Sam Wollaston, The Guardian

Derek, Channel 4

“If Ricky Gervais’s role in The Office was a masterpiece of the comedy of embarrassment, his title role in Derek is an exercise in sentimental manipulation… Other characters trotted by as one-trick ponies. The care assistant Hannah (Kerry Godliman) is another Dawn from The Office; Kev (David Earl) is addicted to self-deluding sexual boasting. Dougie the handyman (Karl Pilkington with funny hair) is there to give people their comeuppance.”
Christopher Howse, The Telegraph

“Anyone wanting to write about real people – whether they get 12 minutes or longer – would do well to watch People Like Us and pick up some tips about the vitality of ordinary speech. Some of it is flat-out funny… but there are also moments that blend pathos and comedy… You rarely see such austere, self-consciously artificial ways of speaking in dramas about the dispossessed.”
Tom Sutcliffe, The Independent

“Seven episodes into its fourth series, One Born Every Minute remains a reliable emotional rollercoaster.
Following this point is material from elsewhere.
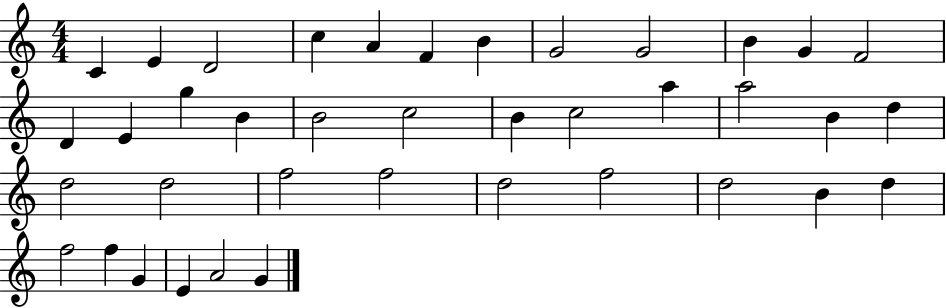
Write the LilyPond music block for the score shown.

By now the title is almost defiant, daring you to view childbirth as routine. The formula is unchanged: just screams and tears, pain and pushing, an endless production line turning out tiny purple people… There is more drama in half an episode of One Born Every Minute than there is in two series of Call the Effing Midwife.”
Sam Wollaston, The Guardian

The Hairy Bikers: Everyday Gourmets, BBC2

“In this series, they’re on a mission to get us doing gourmet grub at budget prices. Many shows promise similar things. Dave and Si’s, I suspect, is actually telling the truth. With their extra-thin pork chop Wiener schnitzels and their cut-price Pollock and barley paellas, they manage to make things that look enticing and are vaguely achievable by people with not much knowhow.”
Matt Baylis, Daily Express

DIY SOS: The Big Build, BBC1

“What was good about the show was how it communicated the experience of having builders in: they were larky, argumentative and sexist. What was bad about it was that it was nothing like having builders in, for this lot finished on time and never once revised their estimate.”
Andrew Billen, The Times

NCIS, Channel 5

“It’s rare, especially in an American crime drama, so see anyone who isn’t under the age of 40 and surgically enhanced. NCIS goes delightfully in the opposite direction, employing an elderly pathologist (played by Man From U.N.C.L.E. heart-throb David McCallum) and regularly drafting in assorted retired parents and grandparents of the principal players. It reminds us all that these investigators have private lives and that older characters enrich and enliven every story. In a world obsessed by youth and strength, praise be for a show that values grey hairs.”